[Supplied records]

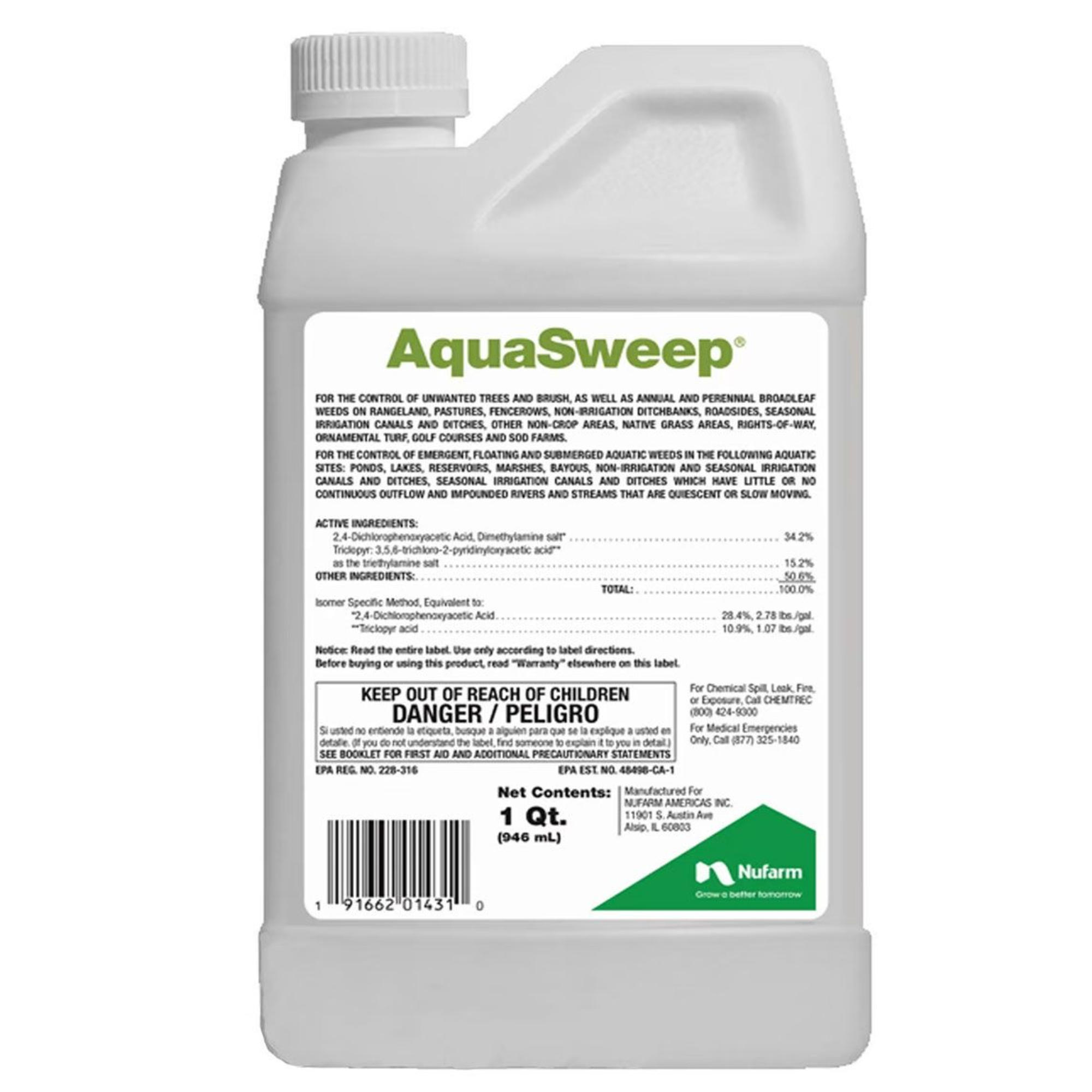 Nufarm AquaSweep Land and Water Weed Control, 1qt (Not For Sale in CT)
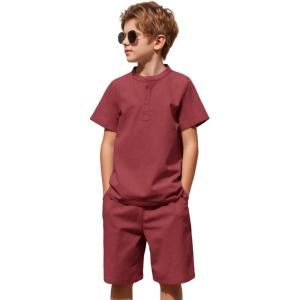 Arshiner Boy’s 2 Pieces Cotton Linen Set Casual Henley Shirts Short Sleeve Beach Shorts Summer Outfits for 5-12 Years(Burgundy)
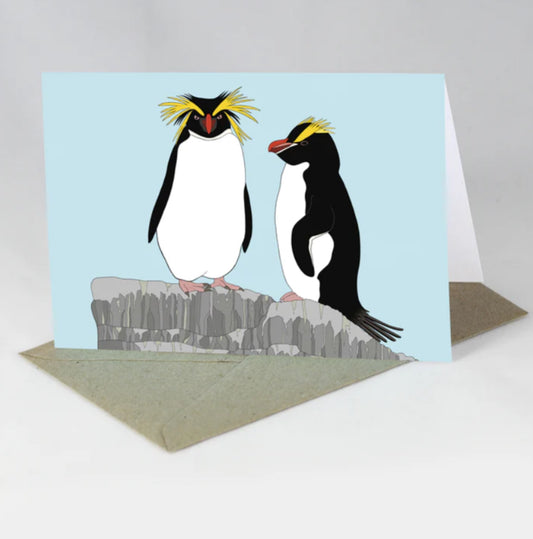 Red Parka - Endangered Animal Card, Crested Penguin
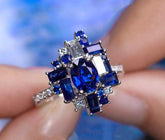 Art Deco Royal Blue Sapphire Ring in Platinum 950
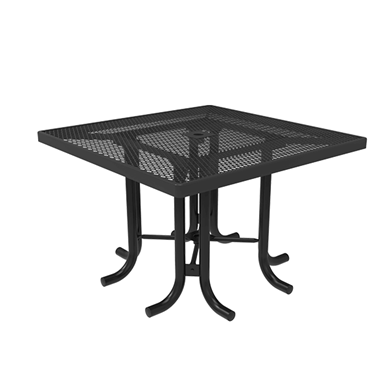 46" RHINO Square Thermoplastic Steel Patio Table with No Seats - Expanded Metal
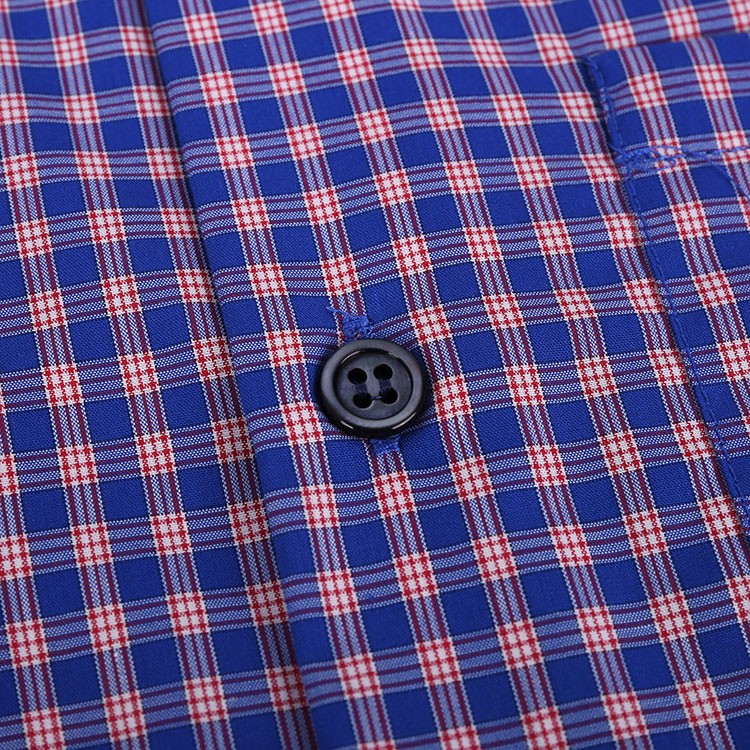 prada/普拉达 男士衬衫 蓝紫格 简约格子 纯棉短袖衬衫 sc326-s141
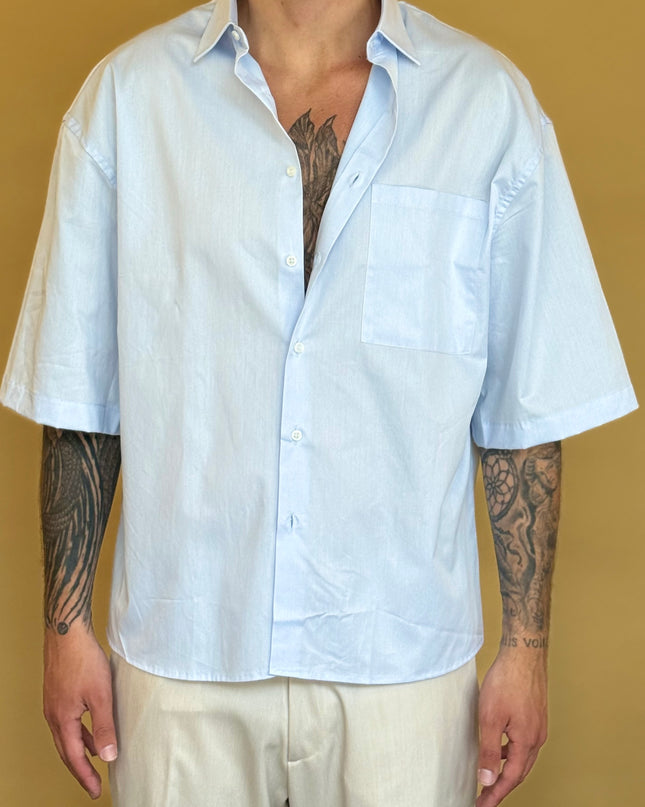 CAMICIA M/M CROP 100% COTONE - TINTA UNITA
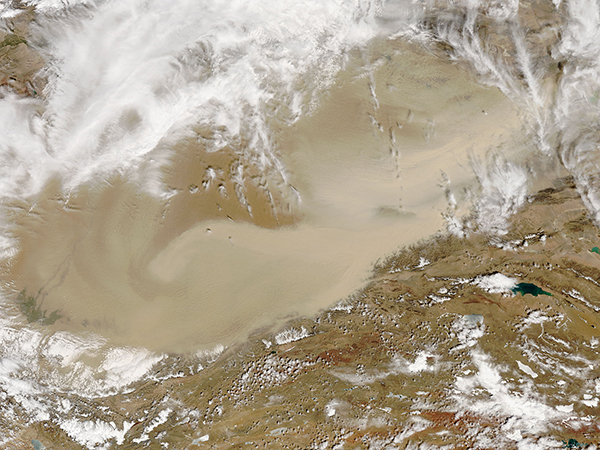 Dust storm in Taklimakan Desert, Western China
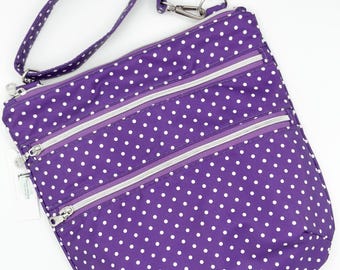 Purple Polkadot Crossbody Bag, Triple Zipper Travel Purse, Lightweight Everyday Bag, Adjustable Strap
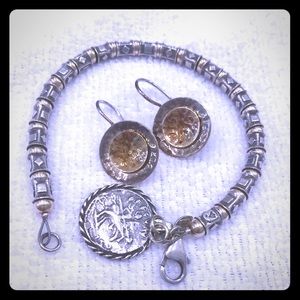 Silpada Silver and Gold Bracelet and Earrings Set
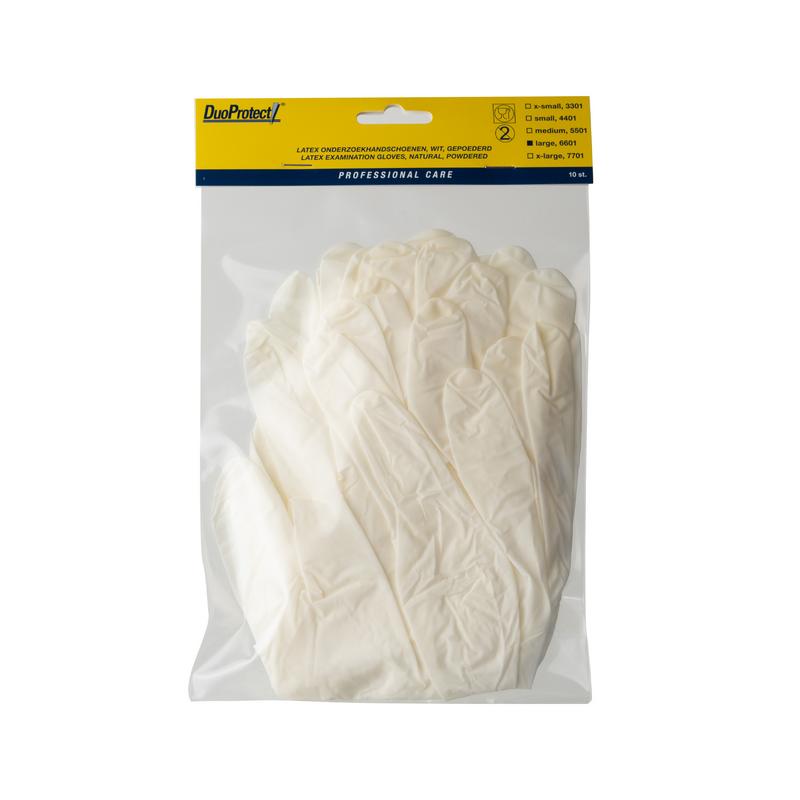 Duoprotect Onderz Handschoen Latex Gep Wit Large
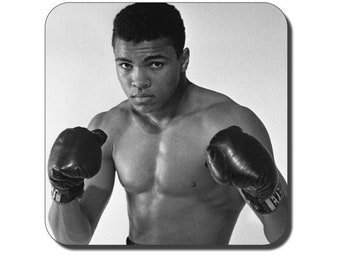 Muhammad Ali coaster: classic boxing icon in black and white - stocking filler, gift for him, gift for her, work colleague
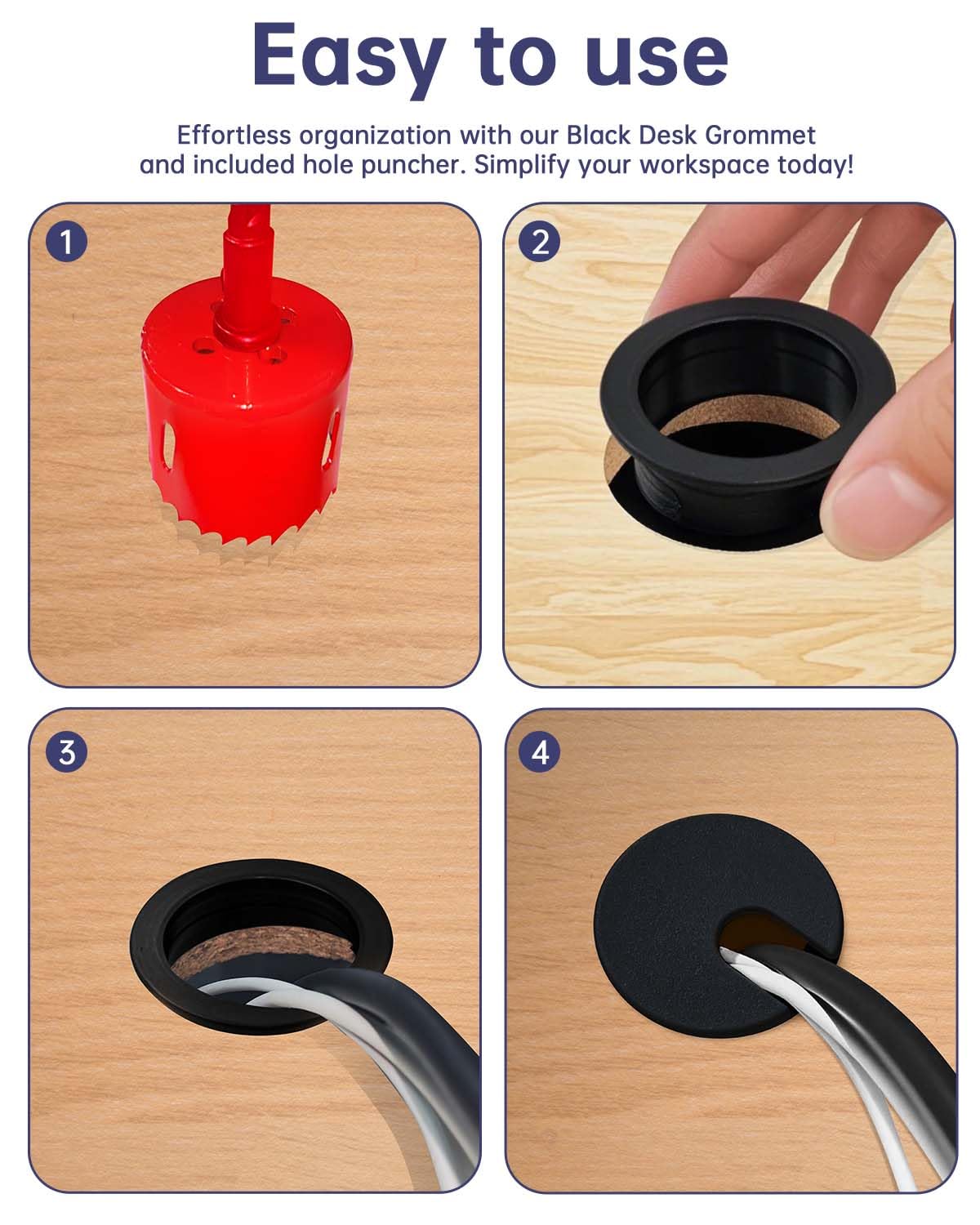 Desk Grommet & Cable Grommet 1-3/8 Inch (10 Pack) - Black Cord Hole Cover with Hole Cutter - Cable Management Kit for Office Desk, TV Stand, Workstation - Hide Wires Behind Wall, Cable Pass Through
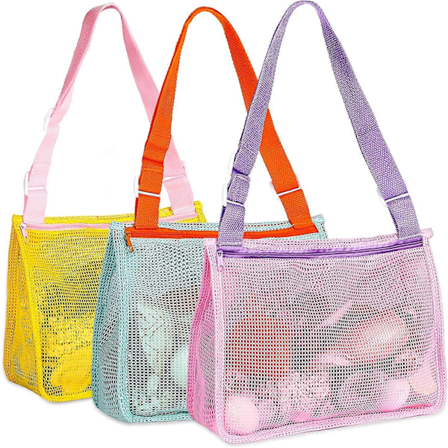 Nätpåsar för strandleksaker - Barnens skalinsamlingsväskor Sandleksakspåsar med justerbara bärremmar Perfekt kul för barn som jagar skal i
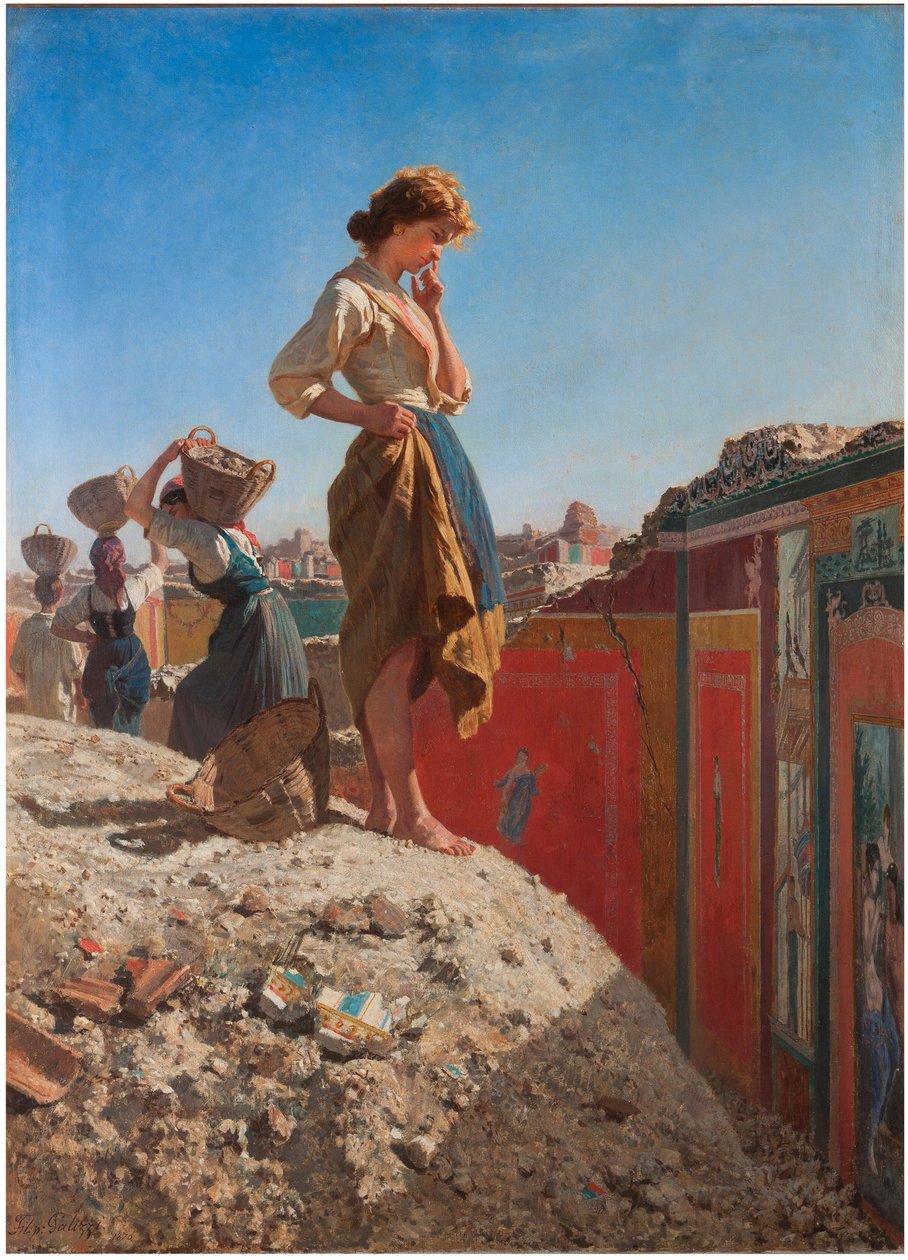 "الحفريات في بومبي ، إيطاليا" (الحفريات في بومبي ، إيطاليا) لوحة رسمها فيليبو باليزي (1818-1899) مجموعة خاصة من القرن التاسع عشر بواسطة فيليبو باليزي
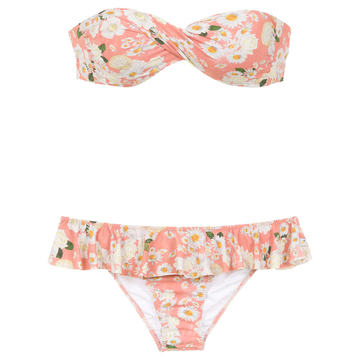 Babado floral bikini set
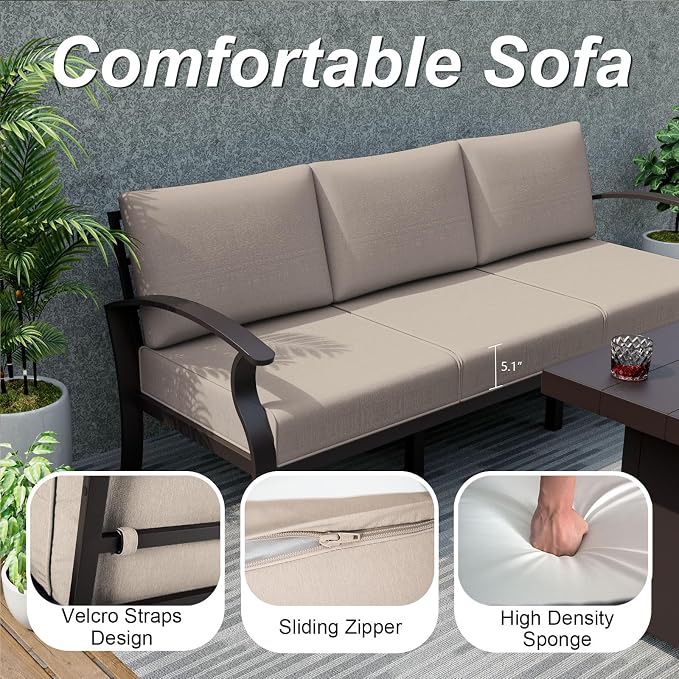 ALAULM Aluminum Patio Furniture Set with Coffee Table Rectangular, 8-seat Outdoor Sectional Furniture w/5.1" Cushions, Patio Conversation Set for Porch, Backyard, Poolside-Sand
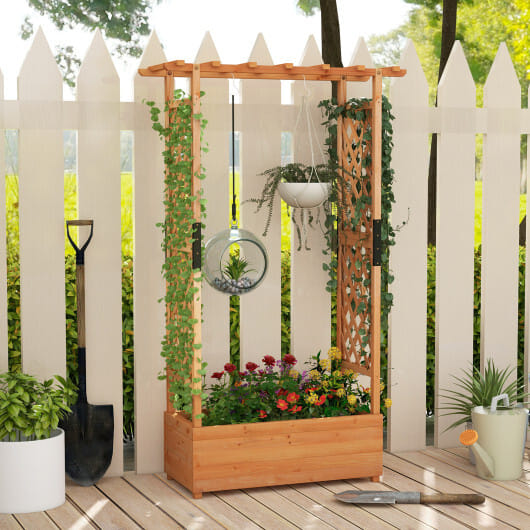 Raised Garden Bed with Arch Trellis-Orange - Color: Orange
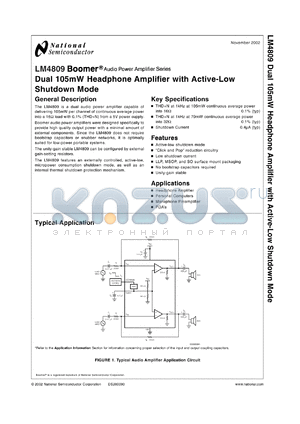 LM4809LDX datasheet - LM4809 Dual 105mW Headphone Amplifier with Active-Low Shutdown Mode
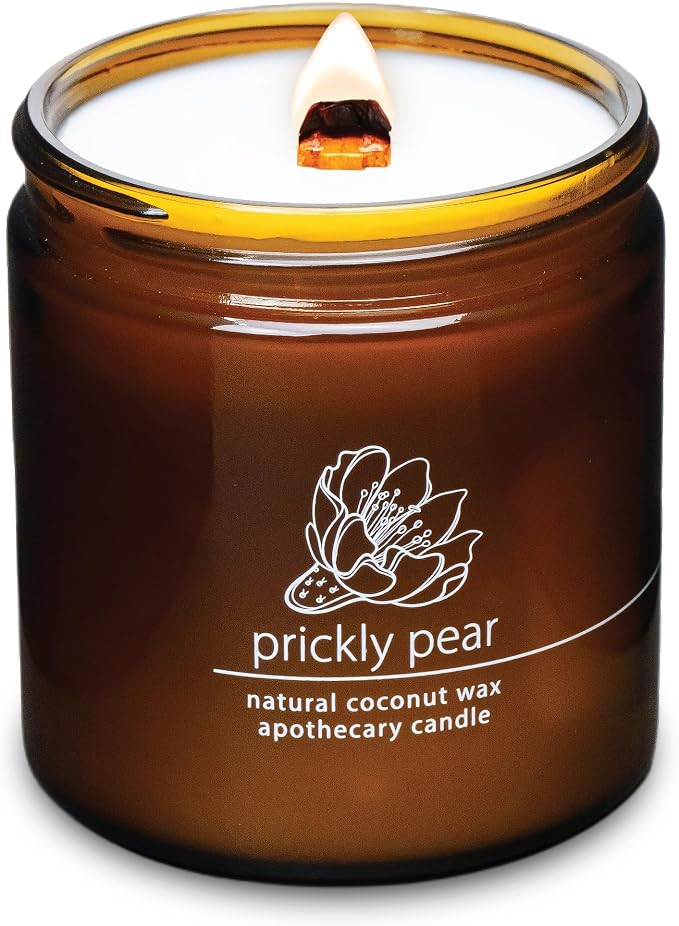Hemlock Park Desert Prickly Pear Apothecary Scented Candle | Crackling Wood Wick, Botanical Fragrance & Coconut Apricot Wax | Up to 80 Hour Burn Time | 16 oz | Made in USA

[/Supplied records]

▶ How to complete this task: Apart from the images, retype the full material exactly as written.

▶ Written response:
 Nufarm AquaSweep Land and Water Weed Control, 1qt (Not For Sale in CT)
 Arshiner Boy’s 2 Pieces Cotton Linen Set Casual Henley Shirts Short Sleeve Beach Shorts Summer Outfits for 5-12 Years(Burgundy)
 Red Parka - Endangered Animal Card, Crested Penguin
 Art Deco Royal Blue Sapphire Ring in Platinum 950
 46" RHINO Square Thermoplastic Steel Patio Table with No Seats - Expanded Metal
 prada/普拉达 男士衬衫 蓝紫格 简约格子 纯棉短袖衬衫 sc326-s141
 CAMICIA M/M CROP 100% COTONE - TINTA UNITA
 Dust storm in Taklimakan Desert, Western China
 Purple Polkadot Crossbody Bag, Triple Zipper Travel Purse, Lightweight Everyday Bag, Adjustable Strap
 Silpada Silver and Gold Bracelet and Earrings Set
 Duoprotect Onderz Handschoen Latex Gep Wit Large
 Muhammad Ali coaster: classic boxing icon in black and white - stocking filler, gift for him, gift for her, work colleague
 Desk Grommet & Cable Grommet 1-3/8 Inch (10 Pack) - Black Cord Hole Cover with Hole Cutter - Cable Management Kit for Office Desk, TV Stand, Workstation - Hide Wires Behind Wall, Cable Pass Through
 Nätpåsar för strandleksaker - Barnens skalinsamlingsväskor Sandleksakspåsar med justerbara bärremmar Perfekt kul för barn som jagar skal i
 "الحفريات في بومبي ، إيطاليا" (الحفريات في بومبي ، إيطاليا) لوحة رسمها فيليبو باليزي (1818-1899) مجموعة خاصة من القرن التاسع عشر بواسطة فيليبو باليزي
 Babado floral bikini set
 ALAULM Aluminum Patio Furniture Set with Coffee Table Rectangular, 8-seat Outdoor Sectional Furniture w/5.1" Cushions, Patio Conversation Set for Porch, Backyard, Poolside-Sand
 Raised Garden Bed with Arch Trellis-Orange - Color: Orange
 LM4809LDX datasheet - LM4809 Dual 105mW Headphone Amplifier with Active-Low Shutdown Mode
Hemlock Park Desert Prickly Pear Apothecary Scented Candle | Crackling Wood Wick, Botanical Fragrance & Coconut Apricot Wax | Up to 80 Hour Burn Time | 16 oz | Made in USA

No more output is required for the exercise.